IMPACT OF LAND-USE CHANGE ON CARBON BURIAL ON THE NORTHERN CALIFORNIA SHELF

During the past century, the flux of sediments and organic carbon from small mountainous watersheds to the continental margins has been greatly altered by human activities including timber harvesting and land clearance for agriculture. Numerous studies have examined the impacts of enhanced terrestrial erosion on soil productivity and water quality. Less is known, however, about the impacts of increased sediment delivery on processes in offshore marine environments. We investigated a 3.5 m long core from the continental shelf offshore from the Eel River in northern California to assess how a dramatic increase in sediment yield in one watershed has affected OC burial. The climate, steep terrain and geologic characteristics of the Eel watershed contribute toward a naturally high erosion rate. Human activities have substantially increased this rate during the past 50 years, however, contributing toward an order of magnitude increase in sediment accumulation rate and carbon burial on the shelf.

Organic carbon in various particle size fractions in the Eel system carries different signatures of land-use change. In the sand-sized fraction, discrete wood fragments deposited on the shelf between about 1000 and 1950 A.D. had average 14C ages of 400 years, reflecting long residence times in old-growth forests.
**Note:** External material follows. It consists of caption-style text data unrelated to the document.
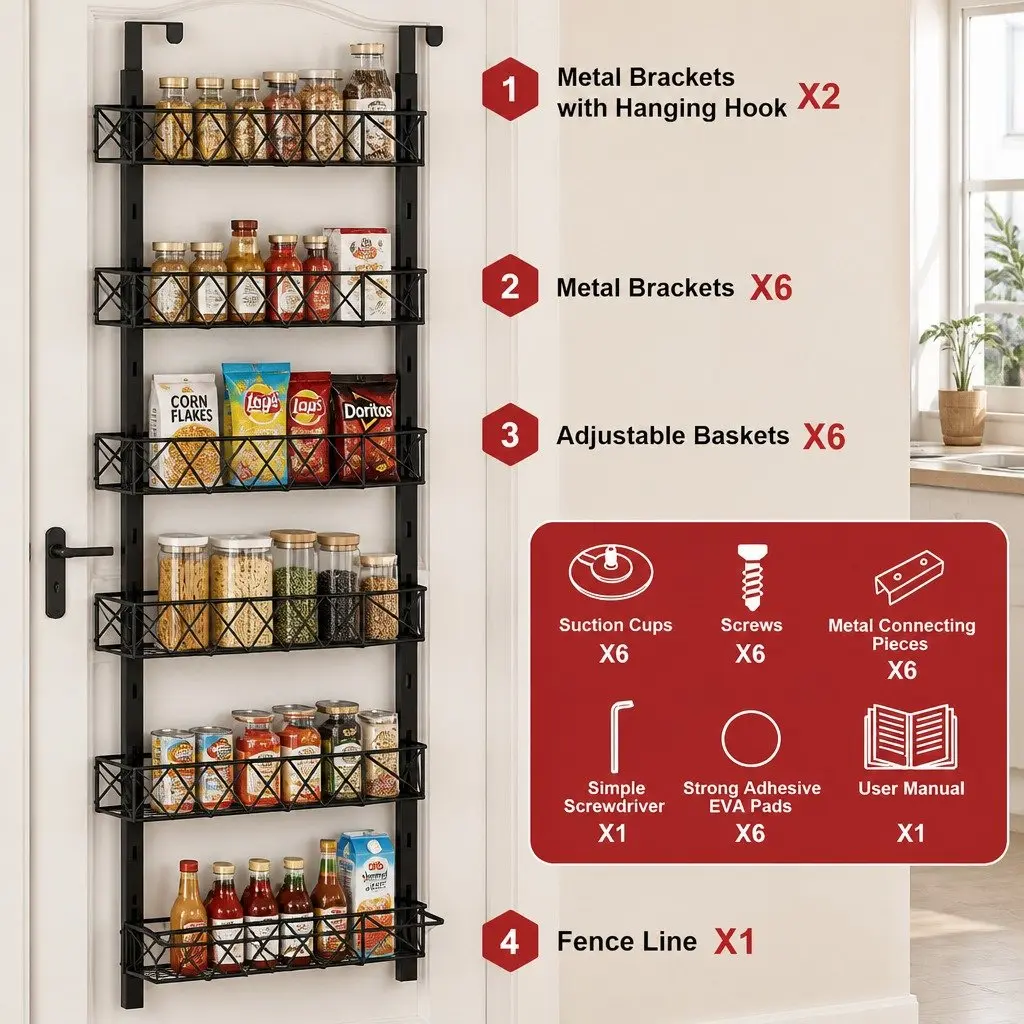 Over Door Pantry Organiser Metal 6 Tier Adjustable Storage Baskets Black 42cm x 13cm x 146cm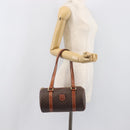 CELINE Macadam Canvas Hand Bag PVC Leather Brown Gold Auth 200255A-23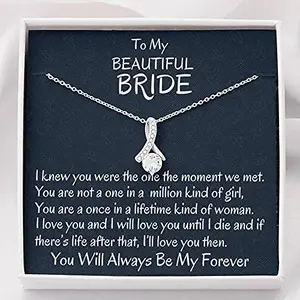 rakva 925 Silver Gift Future Wife Necklace, To My Bride Beautiful Necklace Gift From Groom, Wedding Day Gift For Bride From Groom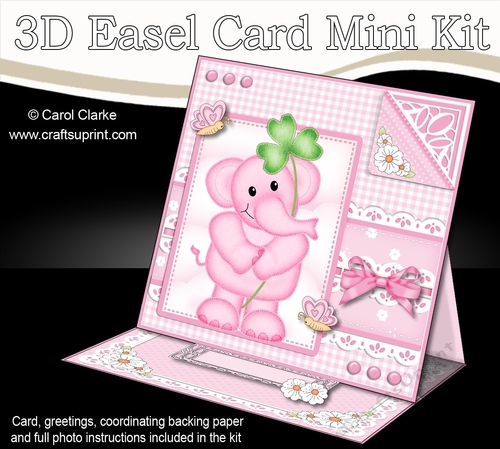 3D Easel Card Mini Kit - Pretty in Pink - Lola Elephant has a 4 Leaf Clover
Wood fragments deposited in the past 50 years, however, have post-modern 14C ages, signaling deforestation and contributions from much younger vegetation. OC bound to the clay-sized fraction on the shelf similarly reflects terrestrial processes. Kerogen carbon comprises about half of the clay-bound OC buried both before and after 1950. In this tectonically active setting, anthropogenic change has had no discernable impact on the survival of this ancient, recalcitrant carbon. The loading (OC/SA) of modern terrestrial and marine OC on the particles, however, shows the effects of the recent increase in sediment yield. A 30% reduction in OC/SA after 1950 reflects the shorter exposure times of particles in both soils and the surface mixed layer of the seabed.